On December 8, 1913, a Fargo Forum story read, “The secrets of the terrible (Camorrista) clan, the black hand of Italy whose power is feared in every corner of the globe, may be bared at Bismarck...when Francesco Coccimigilio faces trial for the murder of Antoine Rigori.”

Actually, the reporter had his Italian groups mixed up. The Camorristas were from Naples and the Black Hand was part of the Mafia down in Sicily; the two groups were competitors. The Mafia segment got its name for drawings of threatening black hands they added to extortion letters.

Our Italians in Bismarck didn’t belong to either group, and the victim was not Antoine Rigori; it was Felice Yannazzo. It took many days for the press to drop its sensational speculation of vendettas, secret letters and assassination, and instead report the actual facts of the murder trial, which ended on this date in 1913.

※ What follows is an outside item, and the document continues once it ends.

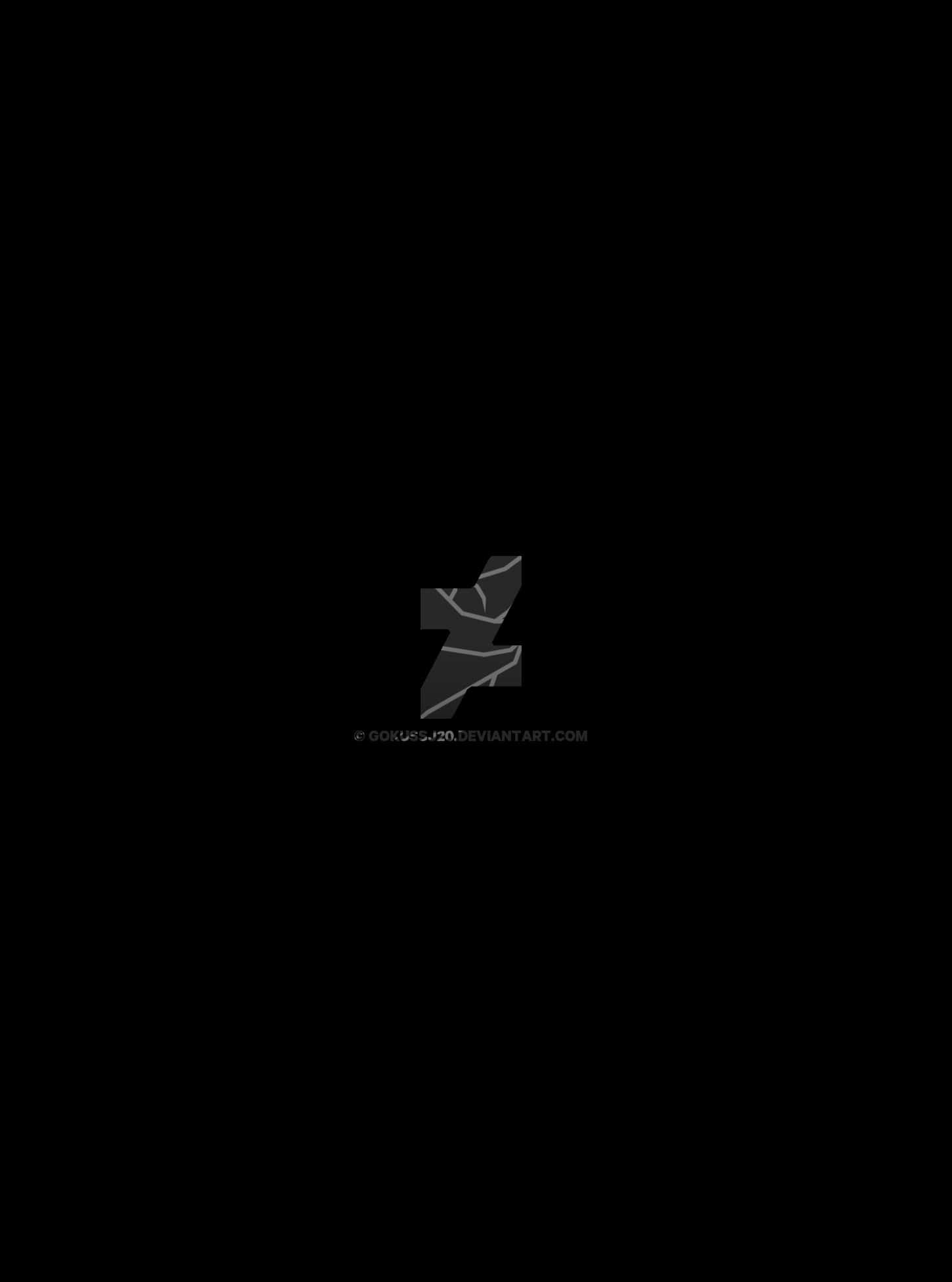 손오공 블랙 미니멀리스트 배경화면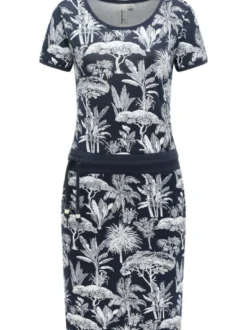 Ragwear Damen Sommerkleid - Baomi Tropic YOUMODO in marine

The victim, the accused, and at least six other Italians were part of a Northern Pacific railroad crew working southeast of Bismarck that year. The Italians all came from the same town, Sambiase. Yannazzo joined the crew in July and appears to have been Coccimigilio’s cousin.

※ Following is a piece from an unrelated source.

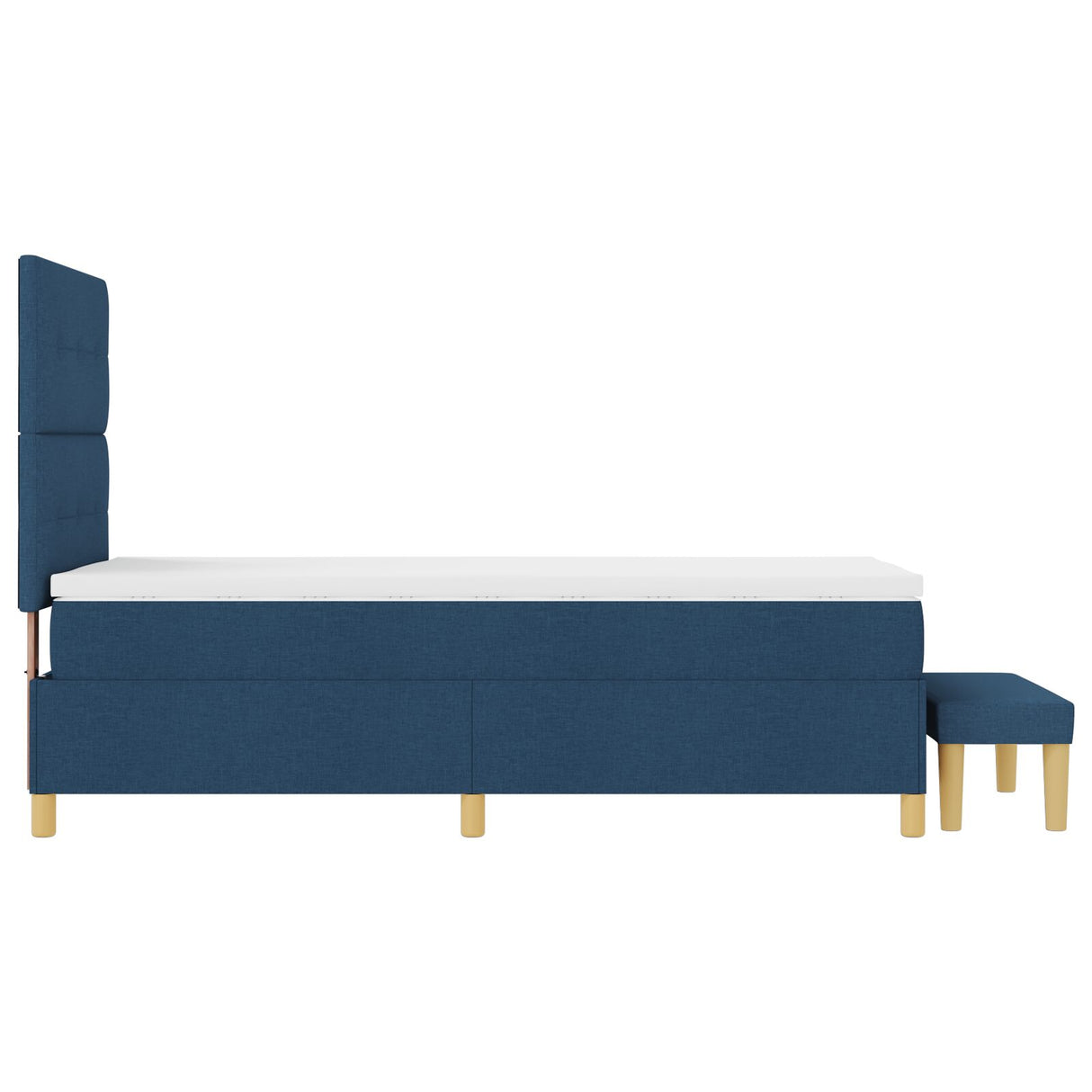 Boxspring Bed met Matras & Bank Blauw 80x200 cm Stof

The crew was living in a railroad camp at Apple Creek Station, and their living quarters consisted of two adjoining boxcars outfitted with bunk beds. It was in one of these that Yannazzo met his death during the night of September 10th.

That day, the crew’s timekeeper, Percy Cardieux, and four of the Italians took a hand-railcar into Bismarck to pick up groceries and supplies. They also brought back two 10-gallon kegs of whiskey, and that night every man drank his share.

During the party, Yannazzo pulled out his guitar, and the Italians sang some of their native folk songs. The men had to work the next morning, and some decided to go to bed, but Yannazzo was having a good time and kept playing. Through an interpreter, witness Tony Delucci said Yannazzo was a bully who kept several knives on him, plus a dagger and two revolvers by his pillow. When Yannazzo continued partying, Coccimigilio yelled at his cousin to go to sleep, and the two got into an argument.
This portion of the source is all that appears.